Por Antonio Martins, no sítio Outras Palavras:A reação dos grandes bancos brasileiros e da mídia tem variado de modo revelador, desde que Banco do Brasil e Caixa Econômica Federal anunciaram, semana passada, intenção de reduzir fortemente as taxas de juros. No primeiro momento, o ato foi visto como temerário e demagógico. Veja e O Estado de S.Paulo asseguraram, por exemplo, que a decisão, determinada pelo Palácio do Planalto, era incongruente: os bancos públicos teriam os clientes com maior risco de inadimplência, no sistema financeiro; não estariam, portanto, em condições de reduzir o custo do crédito oferecido a eles.

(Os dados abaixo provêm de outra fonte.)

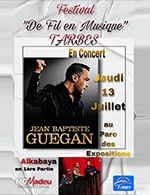 Book the best tickets for Jean Baptiste Guegan - Tarbes Expo Pyrénées Congrès -  July 13, 2023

Mas a ficha rapidamente caiu. Os lucros bilionários dos bancos insultam, há anos, a opinião pública. Atacar o governo, quando este age para aliviar os clientes bancários, seria muito impopular. Por isso, os textos dos últimos dias são mais cautelosos: procuram dar voz aos dirigentes dos bancos privados que fazem exigências para seguir os passos do BB e Caixa. No Valor de hoje, Marcos Lisboa, vice-presidente do Itaú, considera “saudável e importante” o “debate” aberto pelo governo — mas reivindica, para baixar as taxas, medidas como cortes de impostos e direito de receber dos clientes, como garantias, imóveis ou fundos de Previdência…
Qual a sustentabilidade das medidas anunciadas na semana passada? Os bancos cobram, no cartão de crédito ou cheque especial, juros em torno de 10% ao mês — ou 214% ao ano. Será possível esperar uma redução abrupta destas taxas, verdadeiramente extorsivas? Um estudo produzido em 2006, pelos economistas Carlos Eduardo Carvalho e Giuliano Oliveira, da PUC-SP, demonstra que sim.
Publicado na revista Economia e Sociedade (da Unicamp), o trabalho tem 33 páginas, e naturalmente recorre a linguagem e fórmulas econométricas. Em resumo, seus autores afirmam que ao remunerar, por muitos anos, o sistema financeiro com as taxas de juros mais altas do mundo, o Estado brasileiro dispensou os bancos de oferecer crédito em condições favoráveis a empresas e pessoas. Não era necessário. Para que correr riscos, emprestando dinheiro a quem está sujeito a quebrar, quando é possível ganhar muito com o Estado, que nunca se torno inadimplente?
Numa de suas tabelas, Carvalho e Oliveira demonstram que, entre 2002 e 2005, a rentabilidade (retorno sobre o capital líquido) dos bancos brasileiros esteve em torno de 20% — duas a quatro vezes maior que nos países do G7, bastante superior à das maiores economias latino-americanas, w comparável apenas às do Paraguai e Peru… Estes ganhos foram alcançados, basicamente, com compra de papéis públicos; os empréstimos a pessoas e empresas tiveram sempre papel secundário.
Depois de certa vacilação, o governo federal reiniciou, nos últimos meses, um movimento de redução dos juros pagos pelo Estado. As taxas recuaram para 8,75% (cerca de 4% ao ano, descontada a inflação). Há quem aposte que podem cair mais, ainda este mês. Neste novo cenário, sugere o estudo de Carvalho e Oliveira, as instituições financeiras serão obrigadas a se voltar para os clientes privados — que representam risco, mas oferecem imensa rentabilidade.
É aqui que a posição do Banco do Brasil e Caixa pode fazer muita diferença. Se a redução das taxas de juros for efetiva e duradoura, eles podem de fato roubar, dos bancos privados, clientes que agora são necessários. Ou, então, forçarão as instituições particulares a reduzir também suas taxas.
Fica claro, portanto, que não há sentido algum nem em oferecer benefícios fiscais aos bancos, nem em autorizá-los a exigir garantias adicionais de seus clientes. Por longas décadas, o sistema financeiro tem sugado parte importante da riqueza nacional. É hora de começar a inverter este jogo — e é perfeitamente possível fazê-lo.